Partners in Eastern Africa praise IITA contributions to agric sector at 50th anniversary celebration in the region
IITA’s 50th anniversary celebration moved to its Eastern Africa hub in Dar es Salaam, Tanzania with an exciting two-day program on 11-12 July. The first day brought together major partners and all staff from IITA stations in Kenya, Tanzania, and Uganda to mark this important milestone.
The event was graced by Ms Nkuvililwa Simkanga, the Director of Policy and Planning, who represented the Minister of Agriculture, Livestock and Fisheries in Tanzania; Dr Hussein Mansoor, the Director of Research and Development in the same ministry; Hon. Christophe Bazivamo, the Deputy Secretary, Productive and Social Sectors; and His Excellency Paul Cartier, the Ambassador for Belgium in Tanzania.

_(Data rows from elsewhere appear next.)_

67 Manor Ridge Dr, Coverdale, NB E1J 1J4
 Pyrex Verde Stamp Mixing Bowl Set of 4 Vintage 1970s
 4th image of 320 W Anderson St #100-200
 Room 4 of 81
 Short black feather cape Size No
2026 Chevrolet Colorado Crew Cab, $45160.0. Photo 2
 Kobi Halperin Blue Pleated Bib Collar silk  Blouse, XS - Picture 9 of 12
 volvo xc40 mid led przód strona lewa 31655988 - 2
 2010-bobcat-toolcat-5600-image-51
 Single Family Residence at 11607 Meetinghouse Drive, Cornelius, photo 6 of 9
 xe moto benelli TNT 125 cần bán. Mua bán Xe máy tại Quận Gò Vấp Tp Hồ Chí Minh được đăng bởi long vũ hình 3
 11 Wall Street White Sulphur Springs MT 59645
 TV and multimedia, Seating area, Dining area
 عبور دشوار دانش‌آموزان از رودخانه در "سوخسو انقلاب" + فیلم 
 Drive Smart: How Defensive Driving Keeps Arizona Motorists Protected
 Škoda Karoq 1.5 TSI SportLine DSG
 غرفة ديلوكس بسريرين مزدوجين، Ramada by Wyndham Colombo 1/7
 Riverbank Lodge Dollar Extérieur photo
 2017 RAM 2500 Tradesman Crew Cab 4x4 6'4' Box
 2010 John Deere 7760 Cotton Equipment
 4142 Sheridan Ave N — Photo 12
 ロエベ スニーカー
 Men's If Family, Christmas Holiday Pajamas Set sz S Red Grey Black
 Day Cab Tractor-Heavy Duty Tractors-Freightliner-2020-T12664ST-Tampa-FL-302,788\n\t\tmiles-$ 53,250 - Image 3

Mr Fred Kafeero, Country Representative for FAO, and Dr Betty Maeda, Agricultural Research Specialist, USAID Mission in Tanzania, were the other notable dignitaries at the event along with representatives from national research institutes, universities, private sector, farmers, and the media.
With the theme “Celebrating our past and looking ahead”, the program combined plenary presentations, poster exhibits, and product exhibitions during which the staff showcased the Institute’s progress and achievements and shared plans.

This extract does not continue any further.